The following is taken from the morning of October 8th:
"Now when he had left speaking, he said unto Simon, Launch out into the deep, and let down your nets for a draught." Luke 5:4
We learn from this narrative, the necessity of human agency. The draught of fishes was miraculous, yet neither the fisherman nor his boat, nor his fishing tackle were ignored; but all were used to take the fishes. So in the saving of souls, God worketh by means; and while the present economy of grace shall stand, God will be pleased by the foolishness of preaching to save them that believe. When God worketh without instruments, doubtless he is glorified; but he hath himself selected the plan of instrumentality as being that by which he is most magnified in the earth. Means of themselves are utterly unavailing. “Master, we have toiled all the night and have taken nothing.” What was the reason of this? Were they not fishermen plying their special calling? Verily, they were no raw hands; they understood the work. Had they gone about the toil unskilfully? No.
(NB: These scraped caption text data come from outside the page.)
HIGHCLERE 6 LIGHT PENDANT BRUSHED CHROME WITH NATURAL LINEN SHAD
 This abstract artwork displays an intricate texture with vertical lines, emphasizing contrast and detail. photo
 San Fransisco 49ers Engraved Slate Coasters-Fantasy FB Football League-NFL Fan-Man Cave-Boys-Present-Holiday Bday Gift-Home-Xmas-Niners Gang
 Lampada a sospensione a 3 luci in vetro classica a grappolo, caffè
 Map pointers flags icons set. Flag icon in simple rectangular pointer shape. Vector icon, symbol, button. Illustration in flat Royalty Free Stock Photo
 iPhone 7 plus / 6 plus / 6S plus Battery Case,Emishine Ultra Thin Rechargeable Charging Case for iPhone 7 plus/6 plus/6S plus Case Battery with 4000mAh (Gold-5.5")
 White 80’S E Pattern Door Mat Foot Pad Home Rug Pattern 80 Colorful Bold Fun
Had they lacked industry? No, they had toiled. Had they lacked perseverance? No, they had toiled all the night. Was there a deficiency of fish in the sea? Certainly not, for as soon as the Master came, they swam to the net in shoals. What, then, is the reason? Is it because there is no power in the means of themselves apart from the presence of Jesus? “Without him we can do nothing.” But with Christ we can do all things. Christ’s presence confers success. Jesus sat in Peter’s boat, and his will, by a mysterious influence, drew the fish to the net. When Jesus is lifted up in his Church, his presence is the Church’s power—the shout of a king is in the midst of her. “I, if I be lifted up, will draw all men unto me.” Let us go out this morning on our work of soul fishing, looking up in faith, and around us in solemn anxiety. Let us toil till night comes, and we shall not labour in vain, for he who bids us let down the net, will fill it with fishes.
My thoughts on the above.
Spurgeon certainly underlined the need for our own efforts in evangelism. I wanted to add that evangelism requires a Christian to be humble. We see this in the text replected upon above. Why? The fishermen were skilled and already knew how to fish. For the Lord to tell them to have another go, after spending all night fishing would have been quite a knock on their pride I would guess. We need to walk by faith and not by sight - that is not human wisdom, but trusting the Lord with our work and not leaning on our own understandings.
Remain faithful, even if you don't see results!